O Estado de São Paulo, n.46305, 28/07/2020. Política, p.A11

 

Juiz pode determinar busca e apreensão dentro do Congresso?

Thomaz Pereira

28/07/2020

 

 

Em 2018, o STF restringiu o "foro privilegiado" apenas a crimes praticados no cargo e em razão do cargo. Com isso, dependendo do caso, congressistas podem ser investigados por juízes de primeira instância. Em 2019, a Corte decidiu que o mero fato de uma busca e apreensão ser cumprida nas dependências do Congresso não determina que o caso deva ser decidido pelo STF. Afinal, a Constituição não elegeu o local da realização de diligências como critério para definir a sua competência.

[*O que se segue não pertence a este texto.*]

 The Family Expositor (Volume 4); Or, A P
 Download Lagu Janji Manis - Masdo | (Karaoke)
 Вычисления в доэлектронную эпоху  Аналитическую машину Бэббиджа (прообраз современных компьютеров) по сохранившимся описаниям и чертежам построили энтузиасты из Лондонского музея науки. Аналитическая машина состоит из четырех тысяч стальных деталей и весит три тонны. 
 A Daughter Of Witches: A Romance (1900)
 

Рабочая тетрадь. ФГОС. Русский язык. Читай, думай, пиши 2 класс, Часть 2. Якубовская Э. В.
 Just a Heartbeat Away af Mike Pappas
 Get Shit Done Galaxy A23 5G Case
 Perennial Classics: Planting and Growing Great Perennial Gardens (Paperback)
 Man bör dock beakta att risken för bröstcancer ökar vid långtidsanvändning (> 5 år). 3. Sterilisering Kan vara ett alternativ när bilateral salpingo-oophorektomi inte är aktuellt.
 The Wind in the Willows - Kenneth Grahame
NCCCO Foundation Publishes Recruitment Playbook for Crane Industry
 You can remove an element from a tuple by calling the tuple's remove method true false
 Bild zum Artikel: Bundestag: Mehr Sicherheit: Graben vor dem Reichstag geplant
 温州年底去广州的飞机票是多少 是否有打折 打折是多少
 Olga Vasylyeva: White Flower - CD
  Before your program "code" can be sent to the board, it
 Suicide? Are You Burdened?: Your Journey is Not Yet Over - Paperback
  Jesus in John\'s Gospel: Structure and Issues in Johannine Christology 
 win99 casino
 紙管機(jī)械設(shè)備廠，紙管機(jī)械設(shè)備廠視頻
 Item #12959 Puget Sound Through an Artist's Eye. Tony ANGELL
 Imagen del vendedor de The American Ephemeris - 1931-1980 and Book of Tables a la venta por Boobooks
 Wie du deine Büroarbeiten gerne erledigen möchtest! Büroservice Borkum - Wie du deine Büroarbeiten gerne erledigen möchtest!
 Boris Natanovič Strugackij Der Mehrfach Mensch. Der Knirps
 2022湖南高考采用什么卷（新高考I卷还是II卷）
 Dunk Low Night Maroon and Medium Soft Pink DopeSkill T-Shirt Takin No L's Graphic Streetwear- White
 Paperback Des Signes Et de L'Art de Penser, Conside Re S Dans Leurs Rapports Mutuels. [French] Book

A combinação dessas duas decisões cria a dúvida. Se estiver atuando em um processo de sua competência (conforme a decisão de 2018), e considerando que o mero local da diligência não gera competência do STF (conforme decisão de 2019), um juiz de primeira instância pode determinar busca e apreensão no gabinete de um congressista?

Quando suspendeu a busca e apreensão no gabinete do senador José Serra (PSDBSP), o ministro Dias Toffoli não questionava as premissas acima. Mas sua decisão adota uma interpretação restritiva da competência do juiz de primeira instância: vê na "extrema amplitude da ordem de busca e apreensão" um "risco potencial de que sejam apreendidos documentos relacionados ao desempenho da atual atividade do congressista" – o que poderia caracterizar a competência do STF.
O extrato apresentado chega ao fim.